[Web page caption snippets]

((

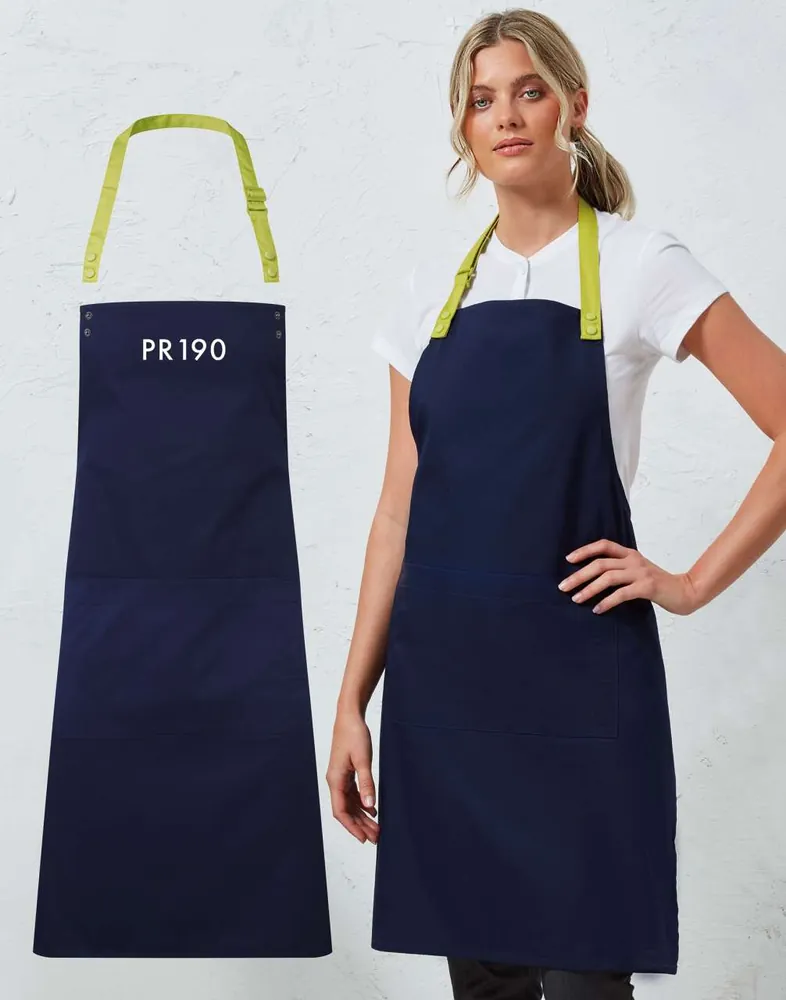 pr190-4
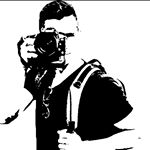 Profile Picture of Elvis Campos (@elvis.tx) on Instagram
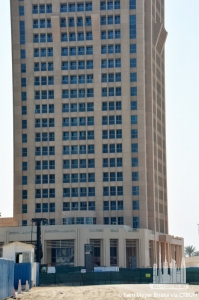 churchill-residence_terri-meyer-boake2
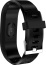 Denver BFH-153 activity tracker 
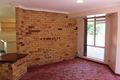 Property photo of 16 Ullswater Glade Joondalup WA 6027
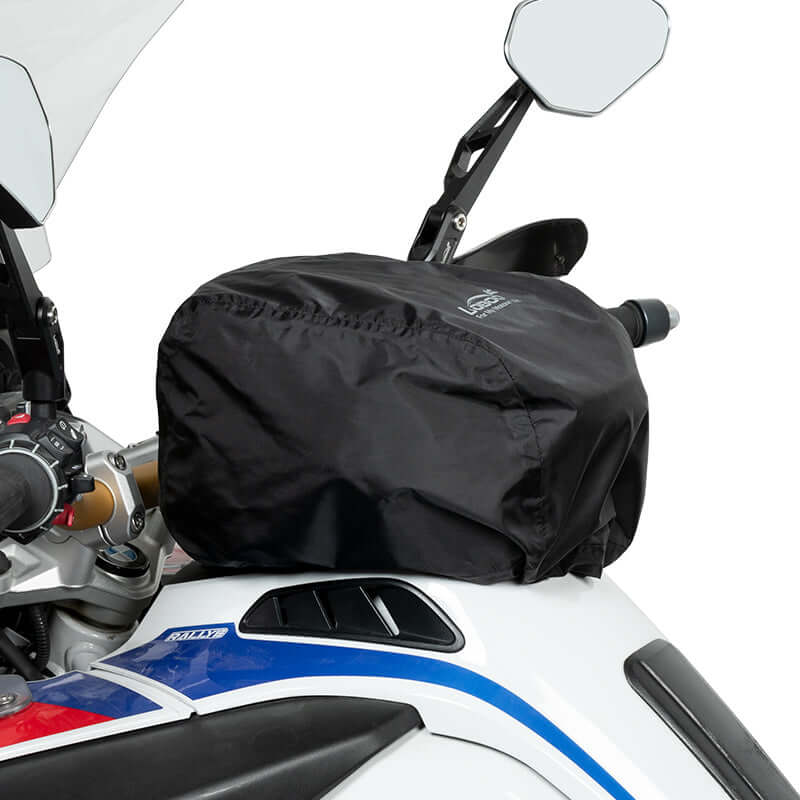 Borsa serbatoio 10L - Endurrad.com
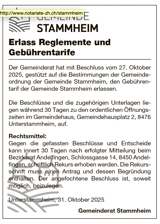 Bildschirmfoto 2025 10 30 Um 141803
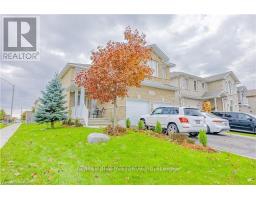 1381 CROSSFIELD AVENUE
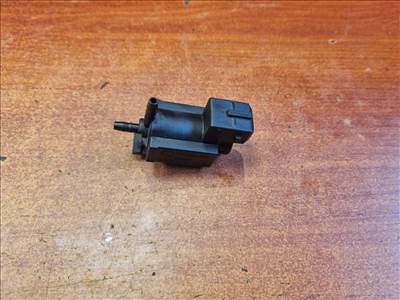 BMW 3 (F31), BMW 1, BMW 2, BMW 4, BMW 5, BMW 6, BMW 7, BMW X1, BMW X3, BMW X4, BMW X5, BMW X6,  MINI MINI (R56), (R55), (R55), (R60), (R57), (R58), (R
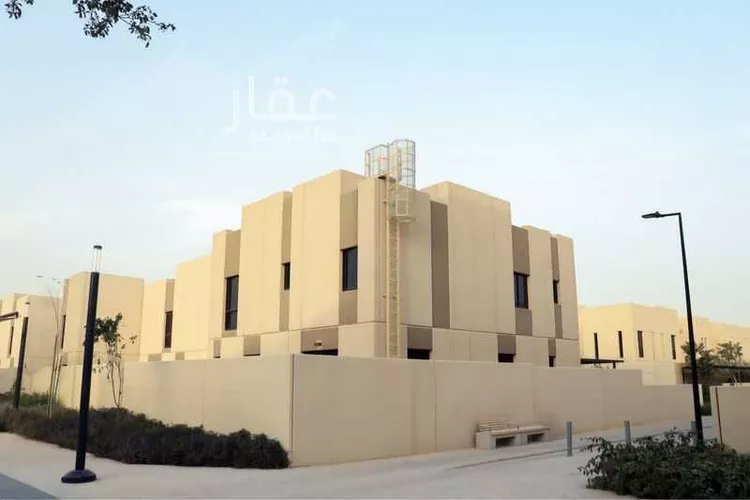 فيلا للبيع في شارع رقم 1047, حي سدرة, مدينة الرياض, منطقة الرياض صورة 2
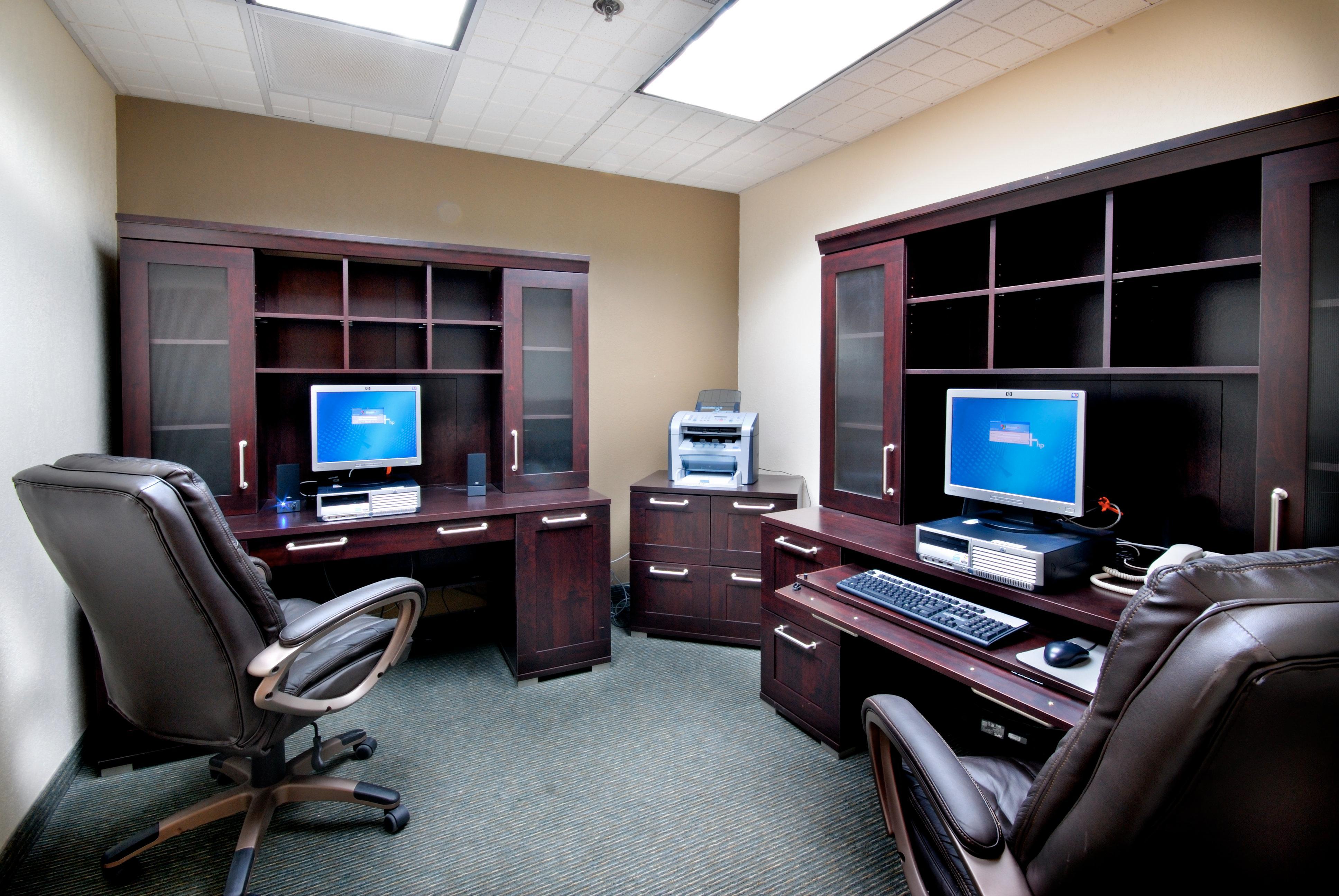 Holiday Inn - Fort Myers - Downtown Area By Ihg Bagian luar foto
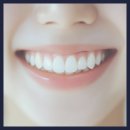 부천청담네오플란트치과의원 이미지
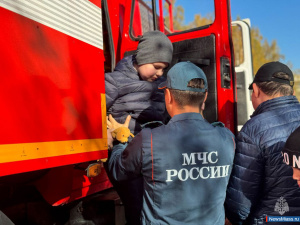 �������� ������ ������� ������ � ��������� ������������� �����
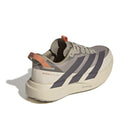 adidas Women's Adizero EVO SL ATR Running Shoes - Wonder Cargo/Grey/Crystal Linen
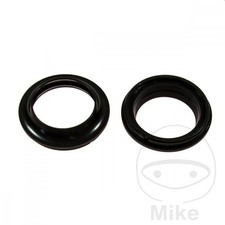 23595-Parapolvere forcella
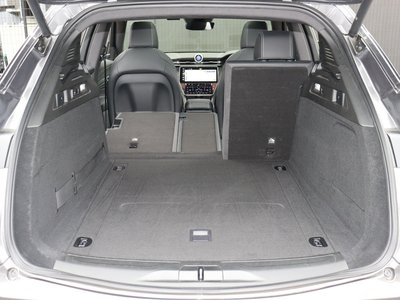صورة مصغرة 59 لـ 2023 Maserati GRECALE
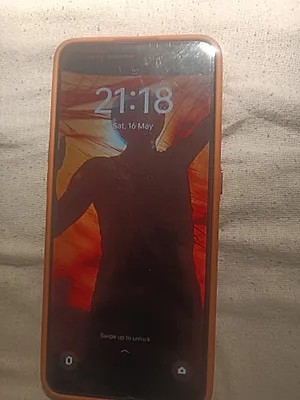 Oppo F21 Pro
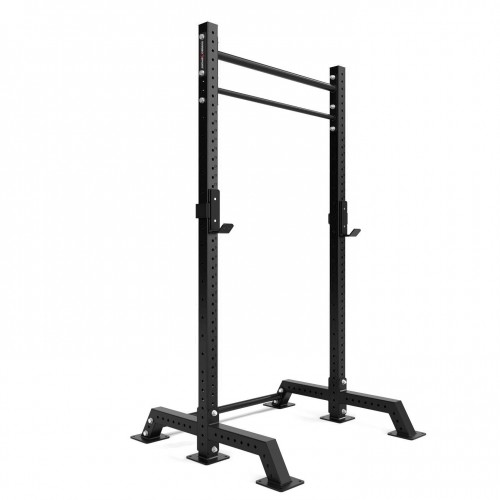 Стійка Marbo Sport Power Rack Cage MFT-RIG-10, код: MR-29224-IN
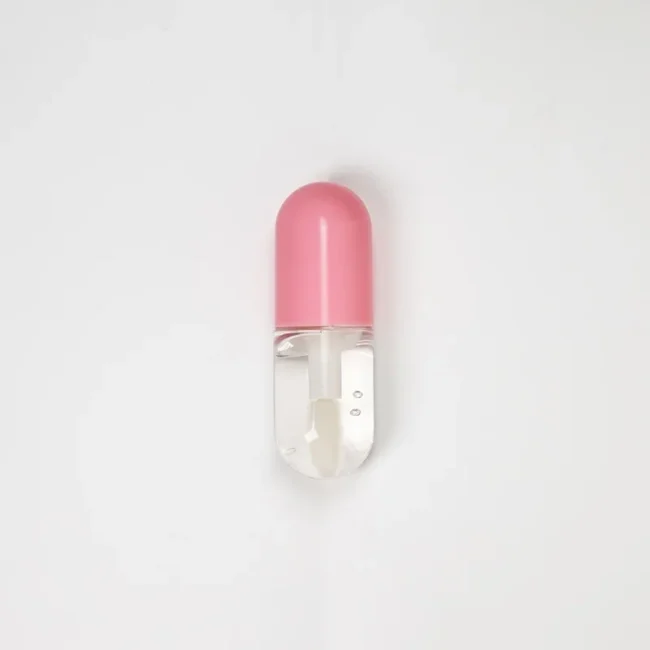 lip-plumper-opalnirvana.com-2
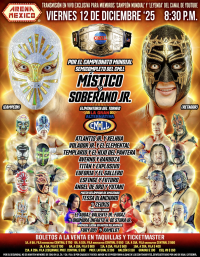 source: scontent-cdg4-1.xx.fbcdn.net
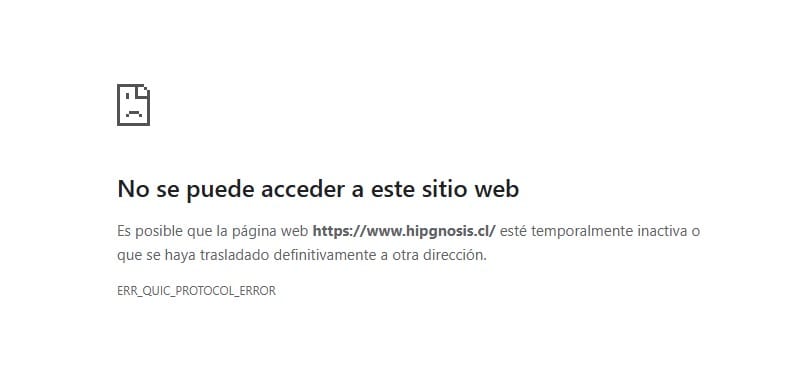 Customer photo review of Sinéad O’Connor – Silencio y Protesta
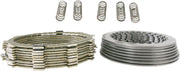 EBC SRK Series Kopplingskit Aramid SRK112 - PE11312258 bild 2 PMIMAGE:F49F7BB4CBCDBB08DC37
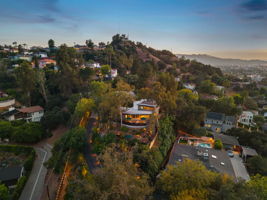 4901 El Canto Drive-108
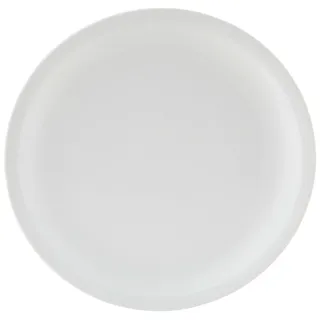 Pizzateller Katarina Weiß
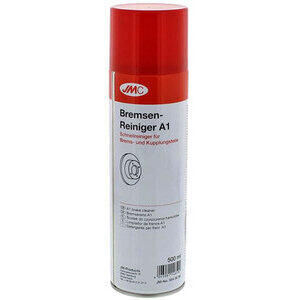 Limpiador de frenos JMC 0.5lt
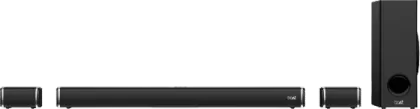 boAt Aavante Bar 2400 180W Bluetooth Soundbar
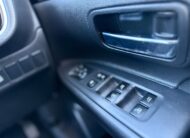 Mitsubishi Outlander 2019 Automatic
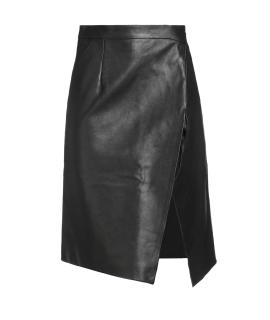 VETEMENTS Юбка миди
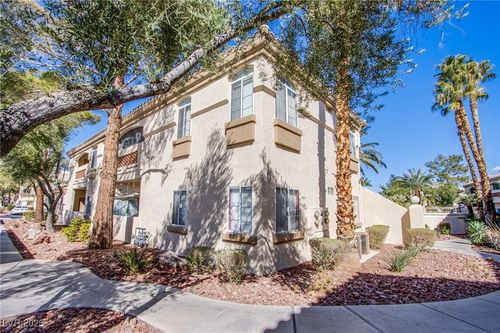 1087-7400 W Flamingo Rd, Las Vegas, NV, 89147-4364 | Card Image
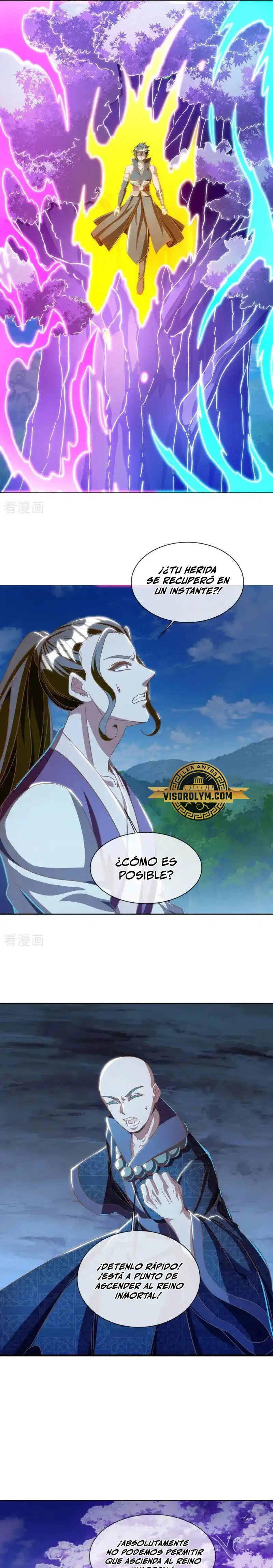 Capitulo 634 page 7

))

* WHAT IS EXPECTED
Give again, exactly as written above, every line from the one holding "فيلا للبيع في" to the one holding "Стійка Marbo Sport", with both ends kept and the pictures left out.

* EXERCISE OUTPUT
 فيلا للبيع في شارع رقم 1047, حي سدرة, مدينة الرياض, منطقة الرياض صورة 2
 Holiday Inn - Fort Myers - Downtown Area By Ihg Bagian luar foto
 부천청담네오플란트치과의원 이미지
 �������� ������ ������� ������ � ��������� ������������� �����
 adidas Women's Adizero EVO SL ATR Running Shoes - Wonder Cargo/Grey/Crystal Linen
 23595-Parapolvere forcella
صورة مصغرة 59 لـ 2023 Maserati GRECALE
 Oppo F21 Pro
 Стійка Marbo Sport Power Rack Cage MFT-RIG-10, код: MR-29224-IN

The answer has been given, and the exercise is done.